# [RECORDED INFORMATION]
* * * * *
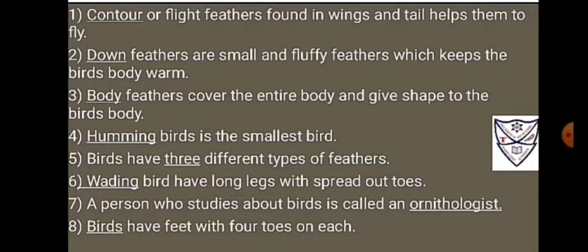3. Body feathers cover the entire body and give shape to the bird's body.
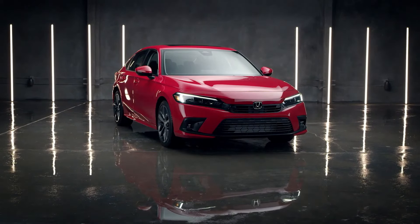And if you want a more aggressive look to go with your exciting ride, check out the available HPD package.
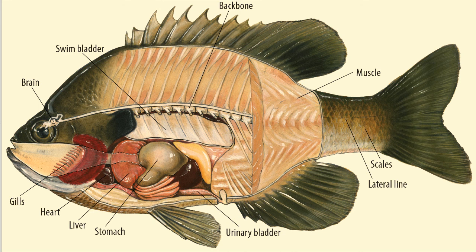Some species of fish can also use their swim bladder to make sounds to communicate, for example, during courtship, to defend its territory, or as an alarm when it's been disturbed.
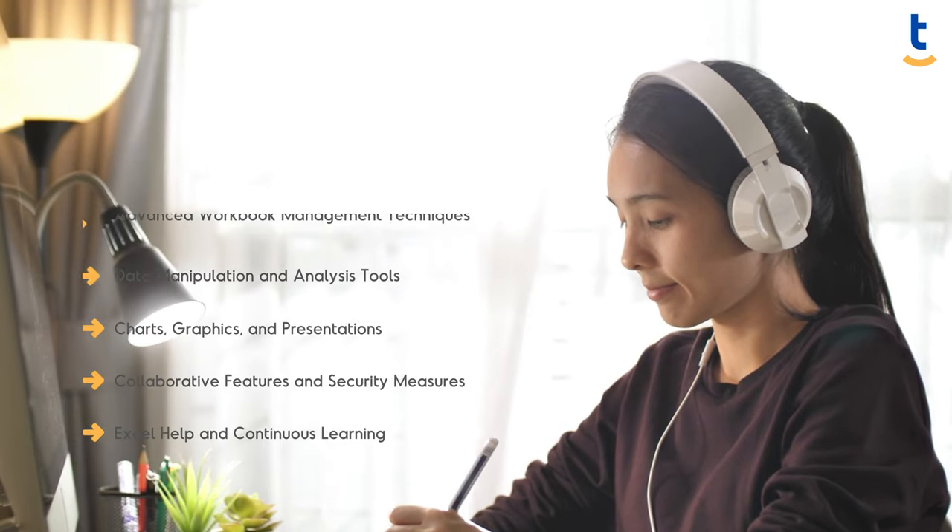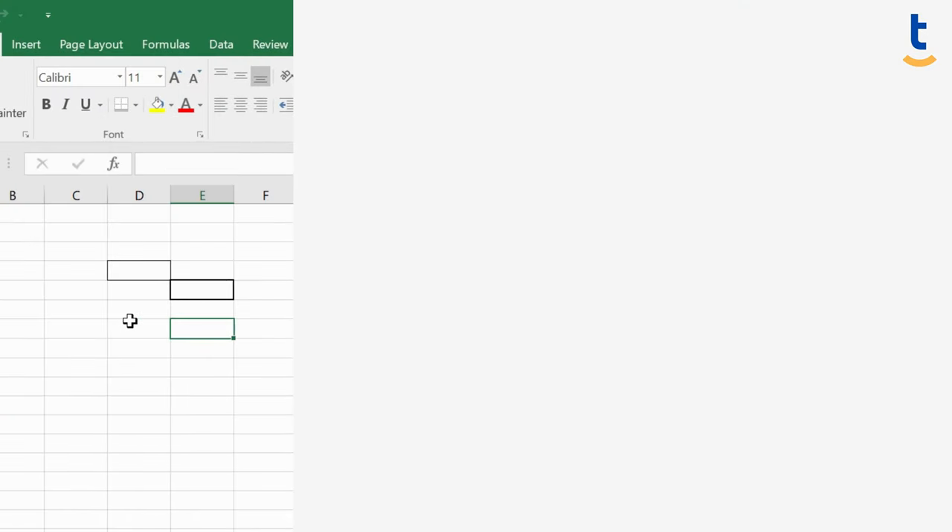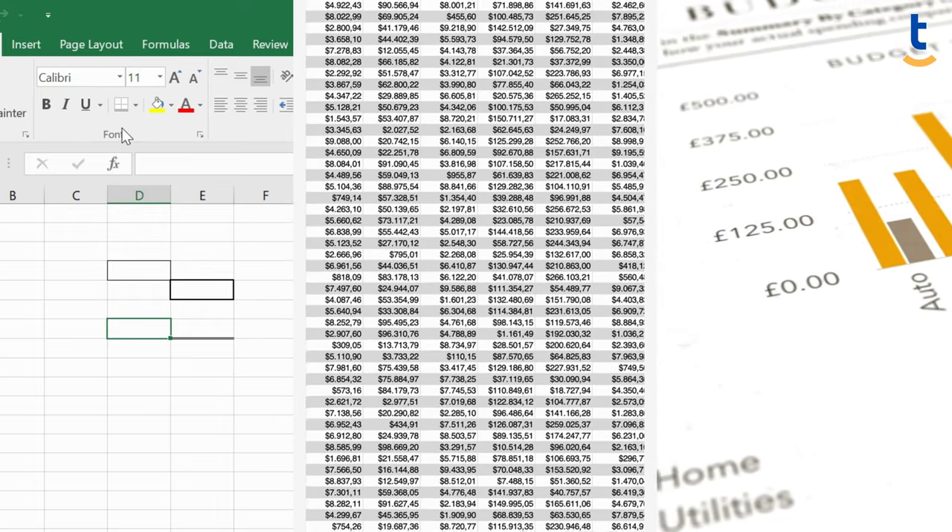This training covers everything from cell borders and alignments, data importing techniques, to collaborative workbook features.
* * * * *
# [ASSIGNED TASK]
What is needed is an exact copy of the lines from the start of the listing above through the line that holds "And if you want", with the pictures left out.

# [OUTPUT OF THE EXERCISE]
3. Body feathers cover the entire body and give shape to the bird's body.
And if you want a more aggressive look to go with your exciting ride, check out the available HPD package.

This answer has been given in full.